Different niches: Cube is "the production semantic-layer + caching + API gateway" — built to serve high-volume embedded analytics with millisecond response times. OBSL is "an embeddable semantic compiler with a clean REST surface and rich modeling primitives" — best when you don't need pre-aggregation infrastructure and want a smaller dependency footprint.

Cube is the closest peer to OBSL in the OSS space — both are self-hostable, both target embedded analytics, both expose REST/MCP. The interesting differences are in modeling topology, metric expressivity, and the caching/pre-aggregation layer.

1. Modeling philosophy¶

Aspect	OBSL (OBML)	Cube
Format	Declarative YAML (`OBML`)	YAML or JavaScript (`.yml` or `.js` cube definitions); supports Twig/Jinja templating
Source of truth	YAML model files	`model/cubes/.{yml,js}` and `model/views/.{yml,js}` files
Top-level constructs	`dataObjects`, `dimensions`, `measures`, `metrics`, `filters`	`cubes` (with `measures`, `dimensions`, `segments`, `joins`, `pre_aggregations`), `views` (combining cubes), `pre_aggregations`
Object scoping	Each `DataObject` has `columns:`; dimensions/measures/metrics live at model scope	Measures and dimensions live inside each `cube`; `view`s expose a curated subset for end users
Templating	None (static YAML)	Twig (Jinja2-like) — `COMPILE_CONTEXT` for compile-time multi-tenancy, dynamic SQL, masking
Runtime	OSS, self-hosted (single Python service)	OSS Cube Core (Node.js + Cube Store + optional Redis) or Cube Cloud (managed, paid)

2. Concept mapping¶

OBSL	Cube	Notes
`DataObject`	`cube`	Both wrap a physical table or SQL block
`DataObject.columns`	`dimensions` on a cube
`Dimension` (model-scoped)	n/a — dimensions live inside cubes	OBSL has model-scoped dimensions; Cube does not
`Measure`	`measures` on a cube
`Metric` `type: derived`	`measure: { type: number; sql: ... }` referencing other measures	Both first-class
`Metric` `type: cumulative`	`measure: type: sum rolling_window: trailing: 7 day`	Cube has rolling windows but they live on individual measures, not as a separate metric type
`Metric` `type: period_over_period`	`time_shift` in queries (`compareDateRange`, or `time_shift: interval: 1 year type: prior` )	Cube does PoP at query time, not in the model
`DataObjectJoin`	`joins:` inside a cube with `relationship: many_to_one`/`one_to_many`/`one_to_one`	Cube uses relationship-driven symmetric aggregates
Combining multiple data objects in one query	Native via join graph + CFL	`view` entity required to combine cubes; views are first-class but distinct from cubes
`secondary: true` + `pathName`	n/a — multiple joins between the same pair require workarounds	No path-name primitive
`QueryObject` JSON	Cube REST query shape (`measures`, `dimensions`, `filters`, `timeDimensions`, `segments`, `order`, `limit`)	Different shape but same idea
`Filter` (named, reusable)	`segments` (named WHERE-style filters reusable in queries)

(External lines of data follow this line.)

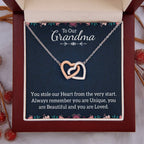 To Our Grandma Necklace - You stole our heart from the very start - Interlocking Hearts Necklace
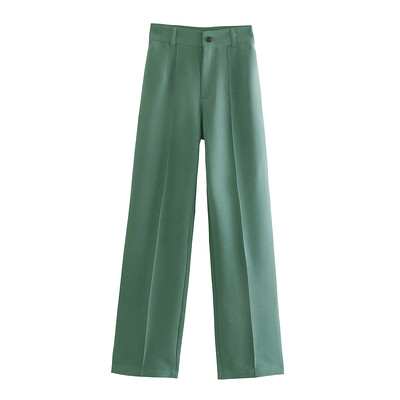 TRAF Femei Chic Fashion Office Wear Pantaloni Drepți Vintage Talie Înaltă Fermoar Fly Pantaloni Femei Mujer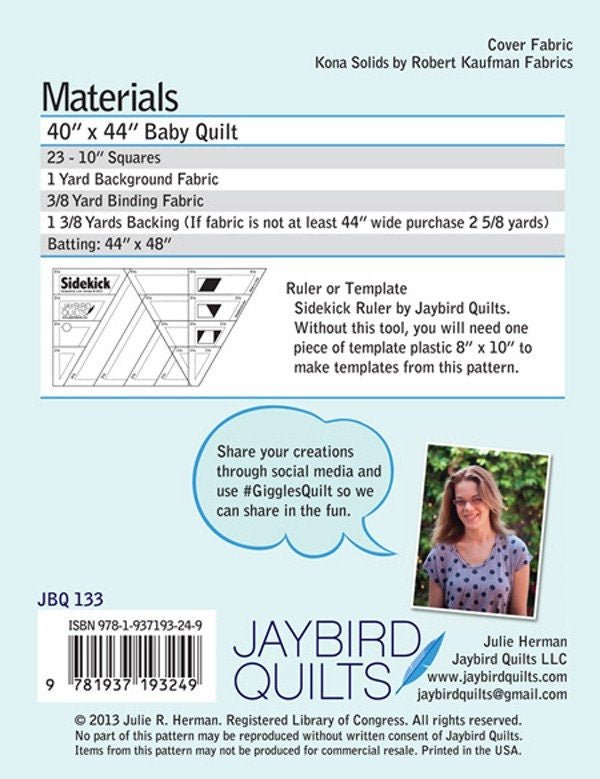 Giggles Quilt Pattern By Jaybirds Quilts- Baby Quilt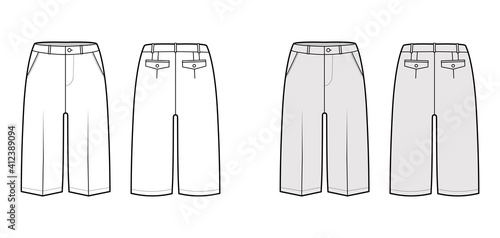Short Bermuda pants technical fashion illustration with knee length, low waist, rise, slashed pocket. Flat walking bottom template front, back, white grey color style. Women, men unisex CAD mockup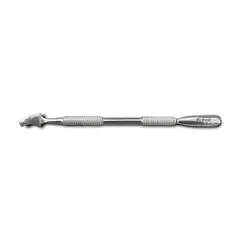 Cuțitaș profesional din inox cu cap lance și cap rozetă pentru curățarea cuticulelor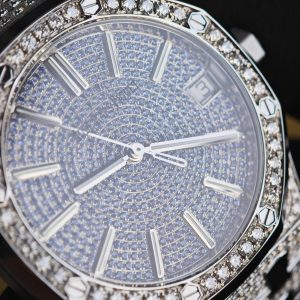 Customized counterweight full diamond AP15512bc, case and strap with Swiss craftsmanship inlaid with diamonds, customized blue full diamond dial, equipped with substitute hands and date, non card degree 4302 integrated movement - Image 13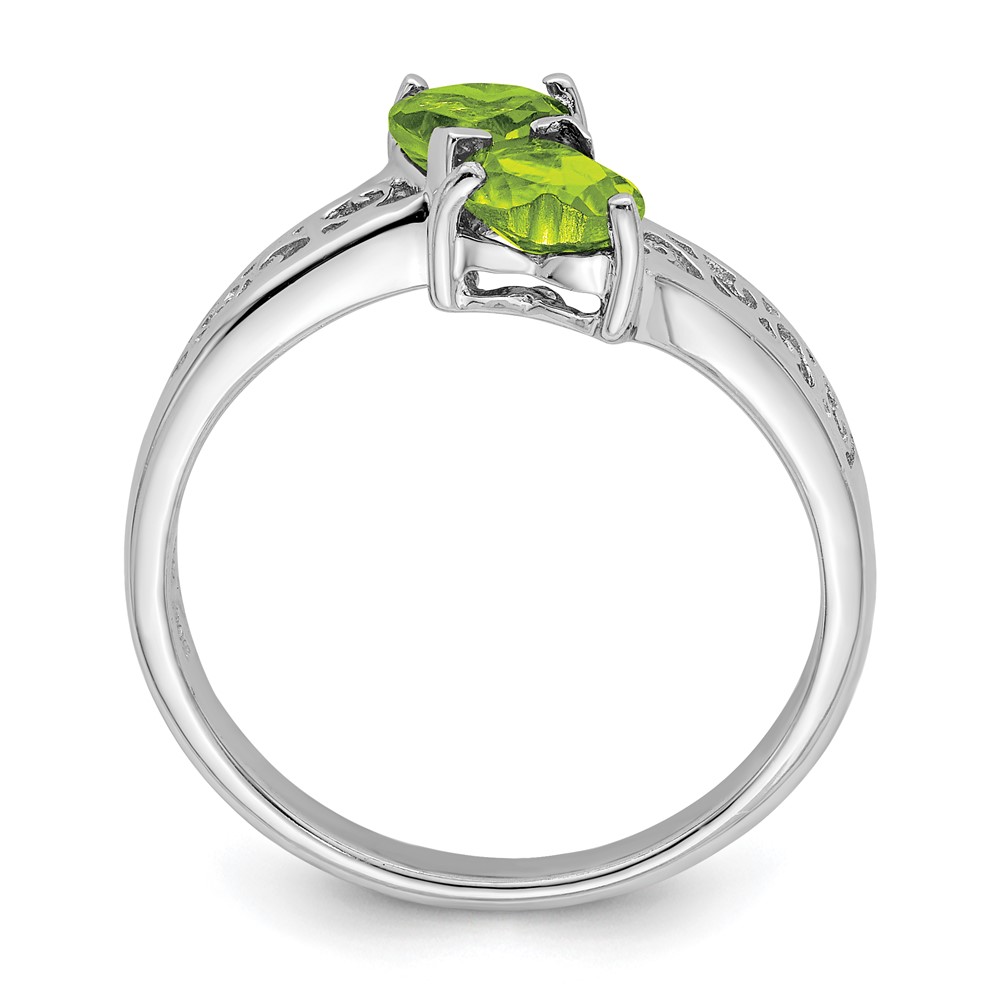 Sterling Silver Rhodium Peridot Heart Ring (QDX809-8)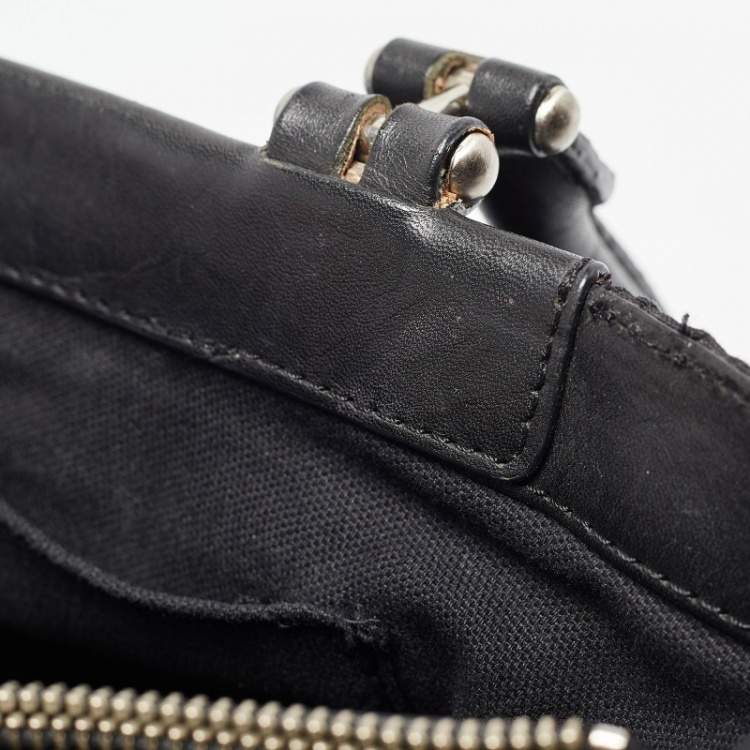 Pre Owned DKNY Black Monogram Canvas and Leather Tote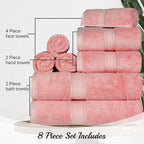SUPERIOR Egyptian Cotton Pile 8 Piece Towel Set, Includes 2 Bath, 2 Hand - Image 4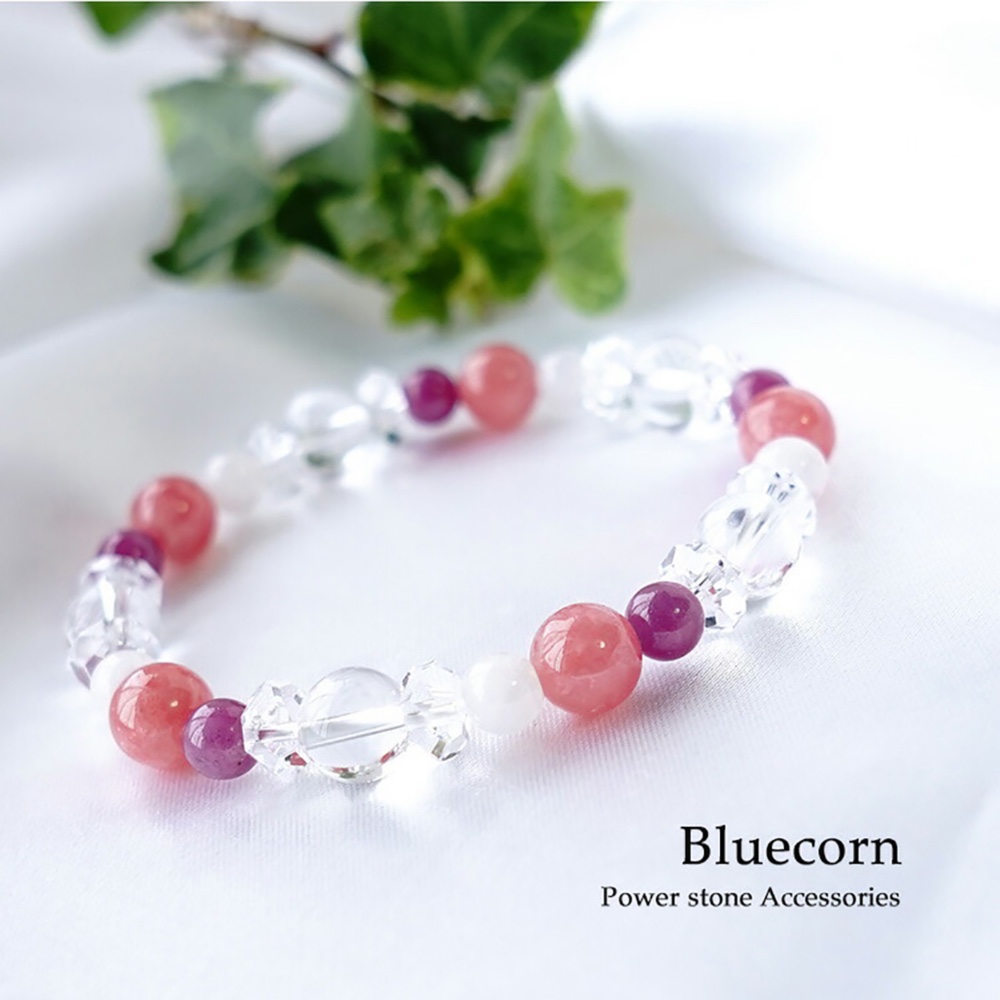 【勇気と自信を深めながら幸運を手にする】インカローズ ルビー ムーンストーン ヒマラヤ水晶 ブレスレット 高品質な天然石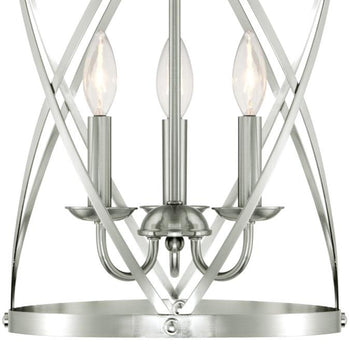 Isadora Three-Light Indoor Chandelier, Brushed Nickel Finish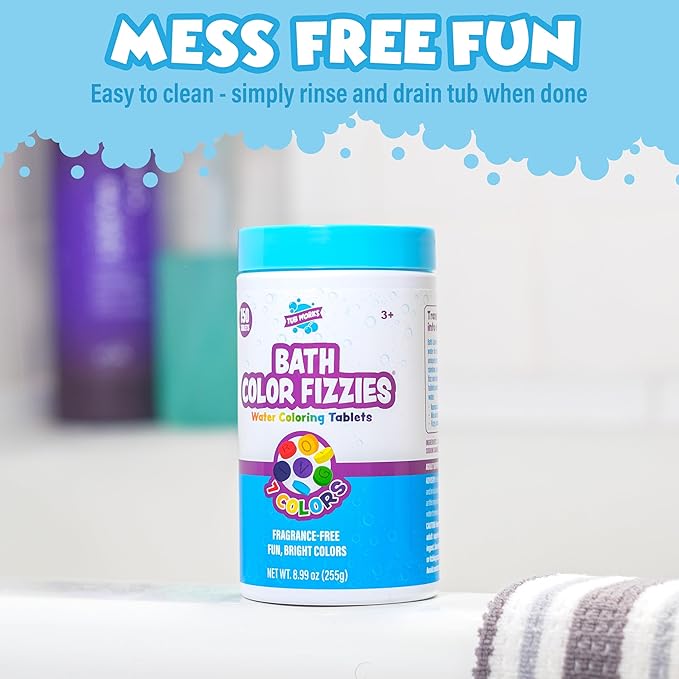 Bath Color Tablets for Kids, 150 Count | Nontoxic & Fragrance-Free | Fizzy & Vivid Bath Color Tablets Create Fun Bath Colors | 7 Colored Water Tablets for Variety | BathBombs for Kids Bath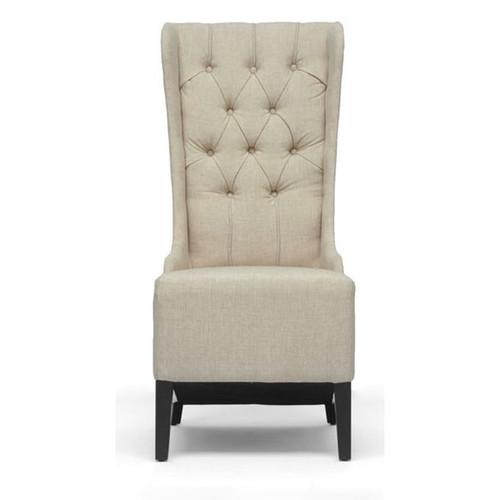 Baxton Studio Vincent Beige Fabric Upholstered Accent Chair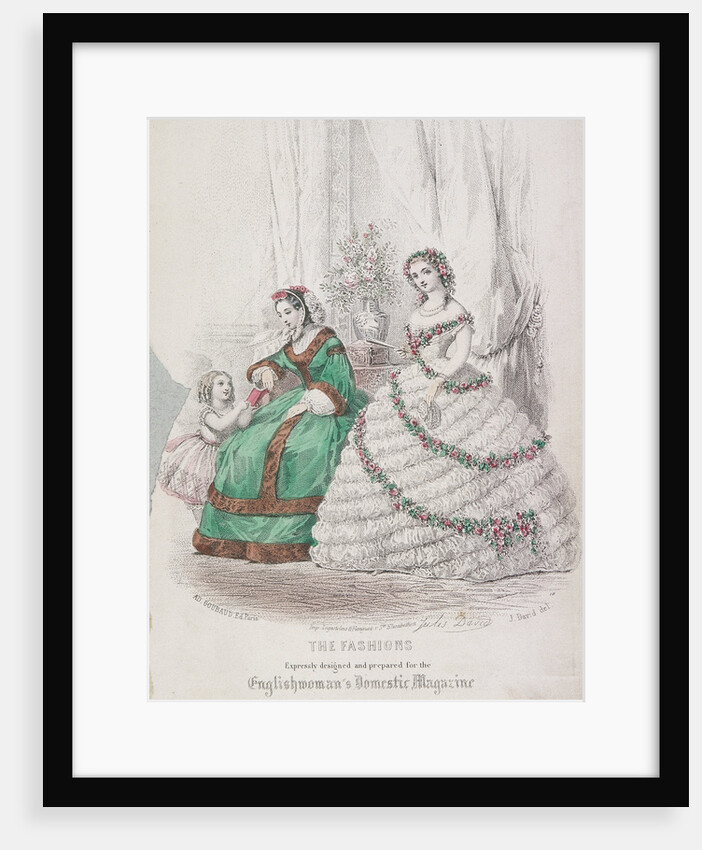 Two women and a child wearing the latest fashions by Anonymous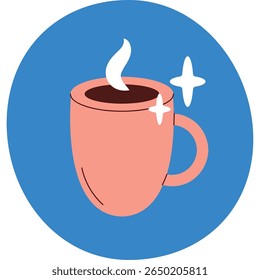 Ilustração de vetor plano de uma xícara de café quente com aumento de vapor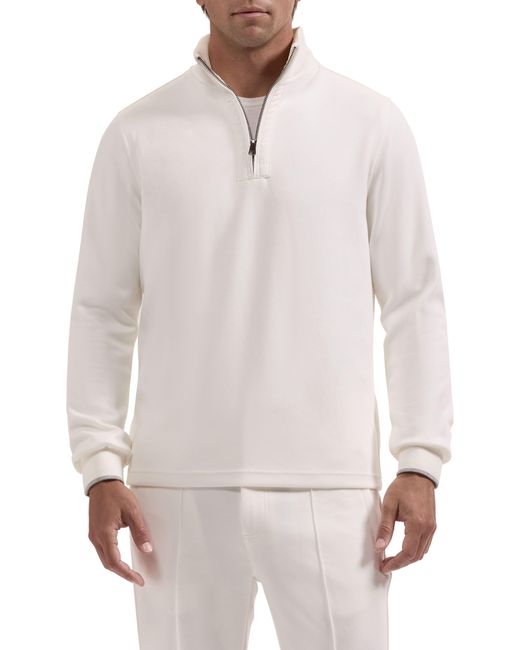 Bugatchi White Soft Touch Quarter Zip Pullover for men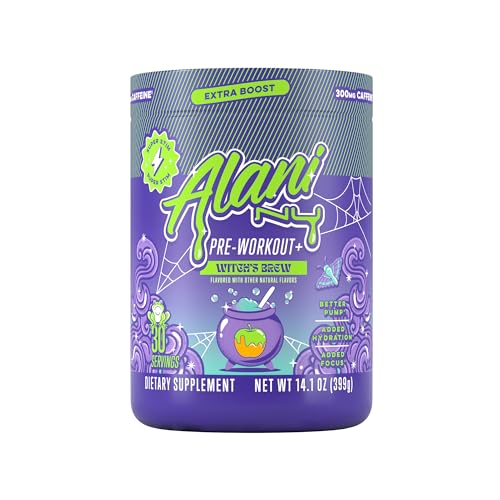 Alani Nu Pre Workout+ Powder Witches Brew, Extra Boost, Sugar Free, 300mg Caffeine, L-Theanine, Beta-Alanine, L-Citrulline, 30 Servings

3. The headline Cube features¶

3.1 Pre-aggregations (Cube's flagship)¶

Pre-aggregations are materialized rollups that Cube builds, refreshes, and routes queries through automatically. This is the single biggest Cube feature OBSL has no answer for.

cubes:
 - name: orders
 pre_aggregations:
 - name: monthly_revenue
 measures: [total_revenue, order_count]
 dimensions: [status]
 time_dimension: created_at
 granularity: month
 partition_granularity: month
 refresh_key:
 every: 1 hour
 build_range_start:
 sql: SELECT DATE('2020-01-01')
 build_range_end:
 sql: SELECT NOW()

Capabilities: - Rollup (most common), original_sql, rollup_join, rollup_lambda strategies - Partitioning for incremental refresh - Cube Store — Cube's columnar materialization engine (SQLite/Parquet-backed) - Query routing — Cube transparently rewrites incoming queries to hit the matching pre-aggregation - Sub-second query response times even on billion-row source tables

OBSL has no materialization story. "Make this faster" is the warehouse's job (materialized views, dbt models, scheduled jobs).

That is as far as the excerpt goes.